17 setembro 2006

CHILE – DE SANTIAGO A VALPARAÍSO

O voo que me leva a Santiago do Chile cruza a cordilheira dos Andes, já próximo do destino. Olhando para baixo, vê-se um mar de montanhas, algumas das quais com os cumes cobertos de neve.
A aterragem faz-se num largo vale, onde a cidade de Santiago foi edificada.
Mais tarde, constato que a cidade está de facto cercada por montanhas, mais altas a oriente que a ocidente.

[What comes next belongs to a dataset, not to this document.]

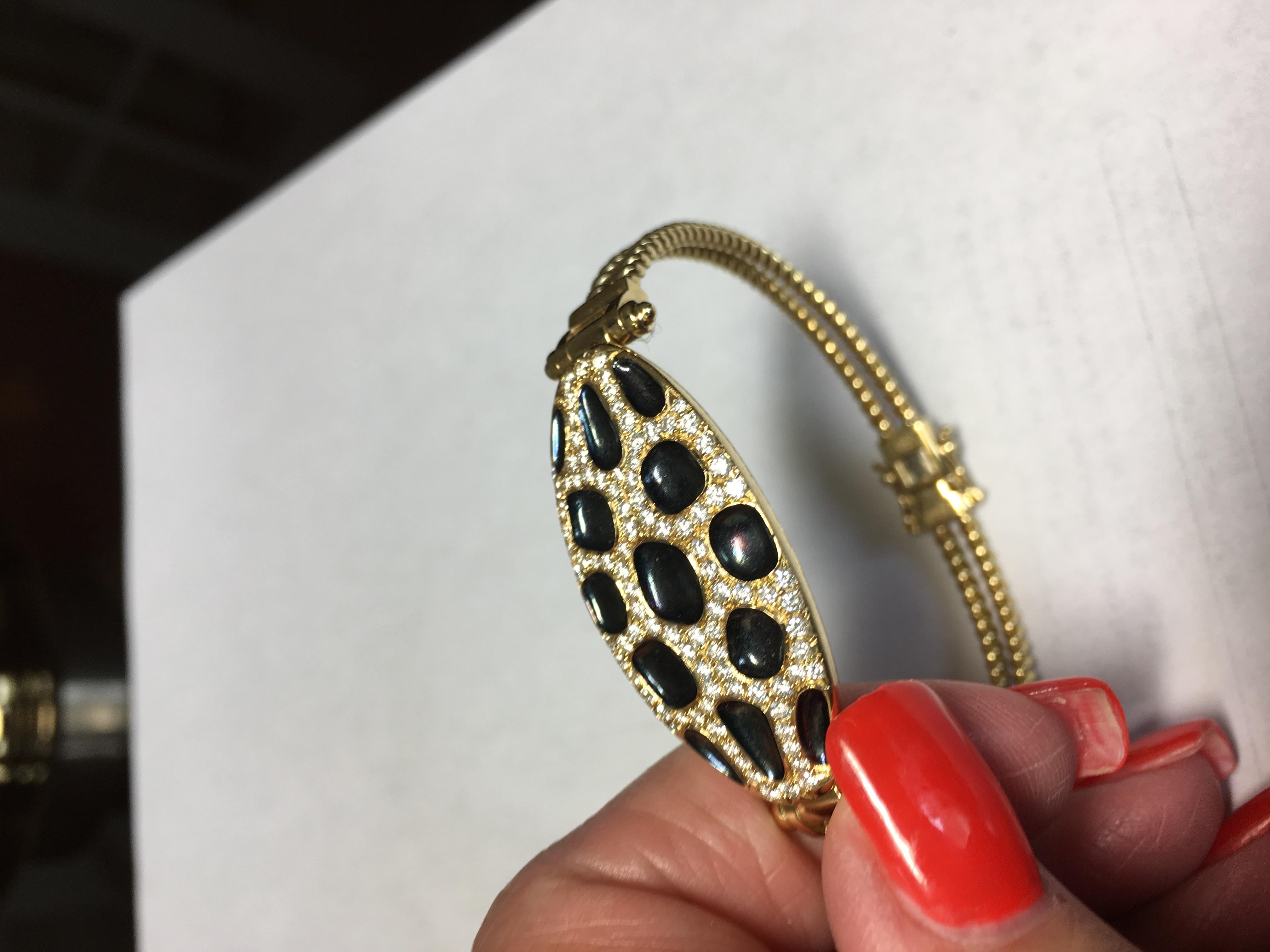 Leopard Print Design Bracelet Diamonds Black Enamel 18 Karat Yellow Gold For Sale 5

O Chile ocupa um território com uma largura média semelhante à de Portugal (cerca de 200 km), e com mais de 4.000 km de extensão, de norte a sul, de costa do Oceano Pacífico.
Se transpuséssemos esta escala territorial para a Europa, seria como se Portugal se prolongasse até à Escandinávia.
No Chile, o mar nunca está muito distante, pelo que a oferta de peixe e marisco nos restaurantes é abundante.
Para experimentar, vou jantar ao Restaurante Azul Profundo, que tem uma decoração alusiva ao mar, com alguns apontamentos literários, como as bases de papel que são colocadas nas mesas, nas quais estão impressos textos relacionados com o mar, entre os quais um poema de Fernando Pessoa, intitulado “o mar”. Aliás, numa das paredes do restaurante estão expostos vários retratos de escritores de renome, entre eles Fernando Pessoa.

A Plaza de Armas é a principal praça do centro de Santiago, e é também o ponto fulcral da vida da cidade. Foi aqui que esta nasceu no século XVI.
Hoje, a Plaza de Armas, à parte a arquitectura monumental que a enquadra, é um local de encontros da população. Aqui se encontram famílias, namorados e amigos. Num dos lados da praça, ao lado do coreto, dezenas de mesas com tabuleiros de xadrez, são utilizadas por homens que jogam concentrados.
Noutro lado, uma feira de artesanato atrai a atenção dos passantes. Vários fotógrafos oferecem os seus serviços, com cavalos de madeira para as crianças.
Em lados opostos da praça, dois mimos divertem os transeuntes (lembram-se do mimo que vi e comentei em Buenos Aires? Também ele é chileno).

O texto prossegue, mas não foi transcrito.